- [Task details]: Restate word for word the lines below that run from the one holding "ATC Pro Team" through the one holding "FRENCO GmbH logo", inclusive. Pictures don't belong in the copy.

- [Records for the task]:
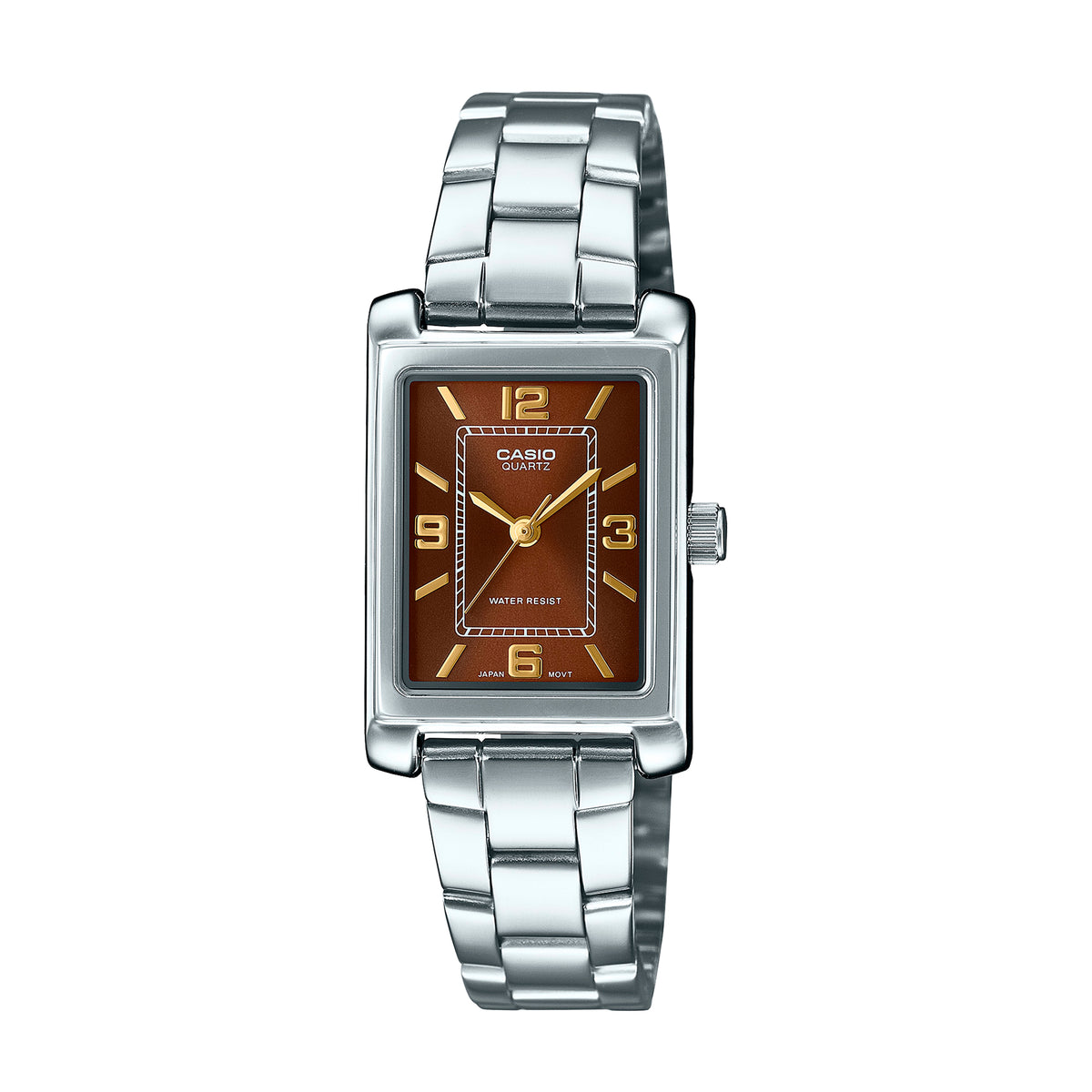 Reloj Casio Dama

==

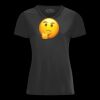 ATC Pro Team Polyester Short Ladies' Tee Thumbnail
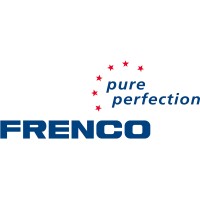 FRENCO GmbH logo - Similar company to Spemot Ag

- [Answer space]:
 ATC Pro Team Polyester Short Ladies' Tee Thumbnail
 FRENCO GmbH logo - Similar company to Spemot Ag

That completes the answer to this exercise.